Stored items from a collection
_ _ _ _
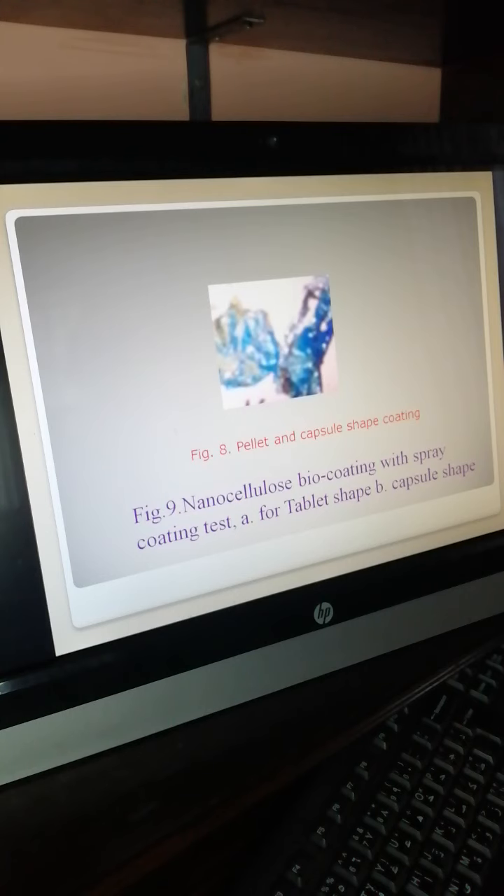Pellet and capsule shape coating: nanocellulose bio-coating with spray coating test for tablet shape and capsule shape are shown here.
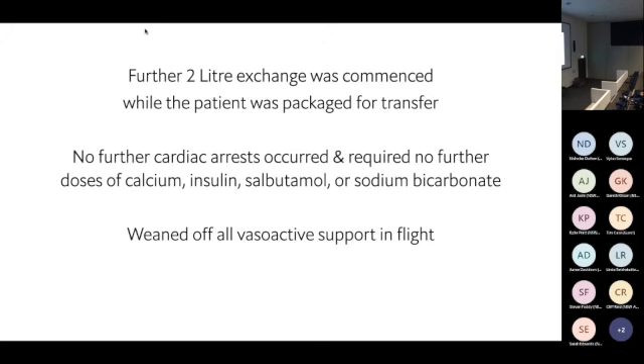We did a further two-liter exchange, put the two liters in, and packaged him for transfer. He had no more arrests and didn't require any more anti-hyperkalemia therapy. In flight he was weaned off all vasoactive support — narrow complexes, good blood pressure. On arrival at North Shore ICU his potassium was 5.4.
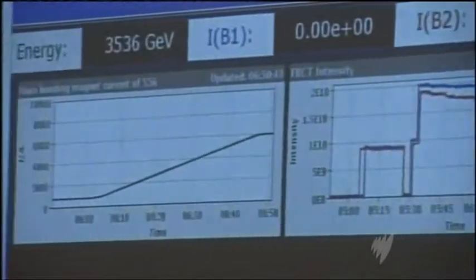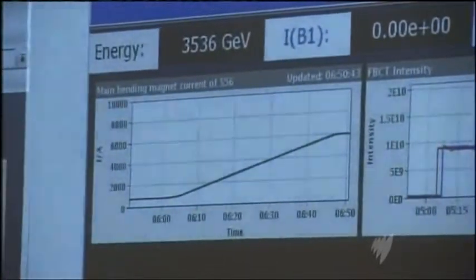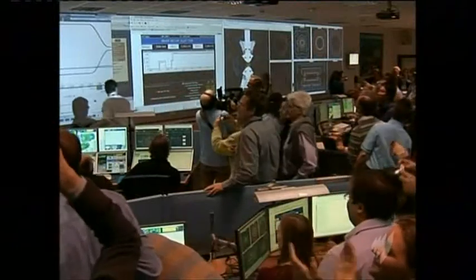Initially the experiments were delayed due to a glitch with the beams, but soon the seriousness of science turned to jubilation.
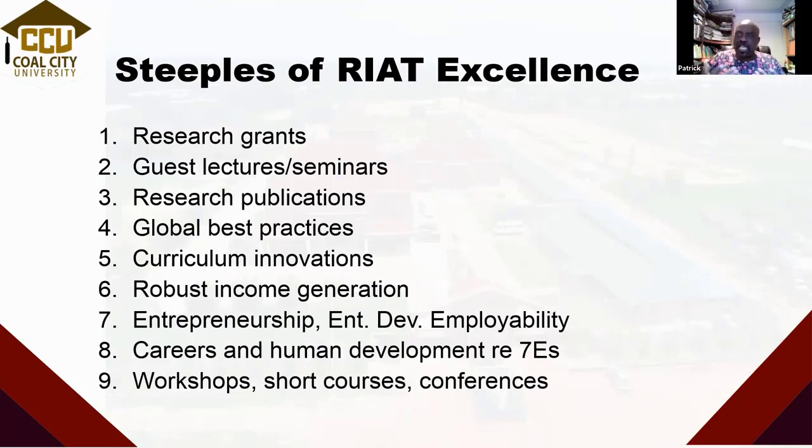We need to be able to generate income — for our institution, but most importantly for our own research groups to enable us to do our work and teaching. One key thing I need to emphasize: most academics tend to generate income only in the research part of RIOT. That's where we miss out on the other three. I get a lot of grants just to develop my teaching. In a UK university where I lectured, I got no less than £20,000 just for teaching development. Writing grants is not just about research.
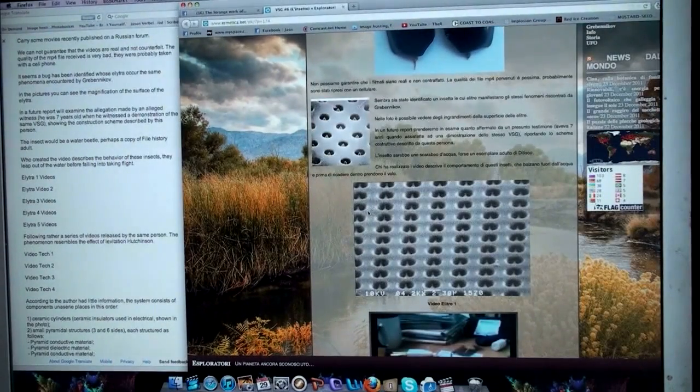In the pictures, you can see the magnification of the surface of the elytra. In a future report, we will examine the allegation made by an alleged witness who was seven years old when he saw a demonstration of the same VSG, showing the construction scheme described by this person. The insect would be a water beetle, perhaps a copy of File History Adult. The video creator describes the behavior of these insects — they leap out of the water before taking flight.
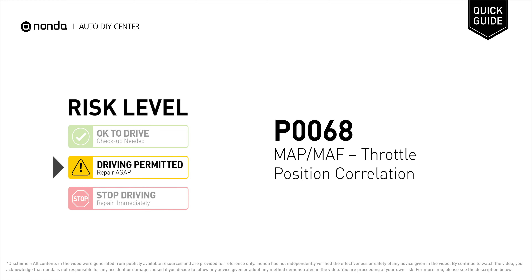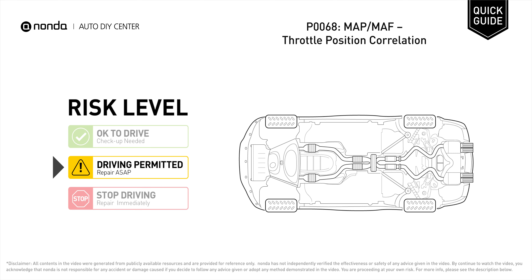P0068 is a diagnostic trouble code for MAP or MAF throttle position correlation. Under this circumstance, short distance driving is permitted, but your vehicle should be repaired ASAP. It means the MAP or MAF sensors have readings that contradict the readings from the throttle position sensor.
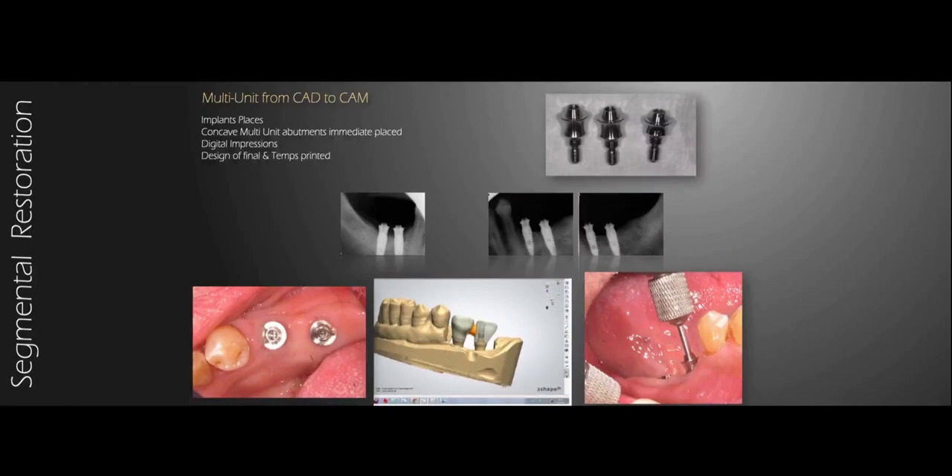We placed the implants through the guide and immediately placed a multi-unit abutment. Notice that the multi-units are concave in form — that actually lets the soft tissue lie in this concavity very nicely and in quite a high thickness. What you see in the pictures is the placement of the transgingival component, in this case a multi-unit, at the day of implantation. This day the thickness of the tissue is actually the final thickness of the tissue. We haven't manipulated it — it's not swollen yet. In most cases there will be no radical change.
_ _ _ _
Please extract exactly the lines of the data, from the first through the line containing "Initially the experiments", and add no pictures to the copy.

# Exercise output
Pellet and capsule shape coating: nanocellulose bio-coating with spray coating test for tablet shape and capsule shape are shown here.
We did a further two-liter exchange, put the two liters in, and packaged him for transfer. He had no more arrests and didn't require any more anti-hyperkalemia therapy. In flight he was weaned off all vasoactive support — narrow complexes, good blood pressure. On arrival at North Shore ICU his potassium was 5.4.
Initially the experiments were delayed due to a glitch with the beams, but soon the seriousness of science turned to jubilation.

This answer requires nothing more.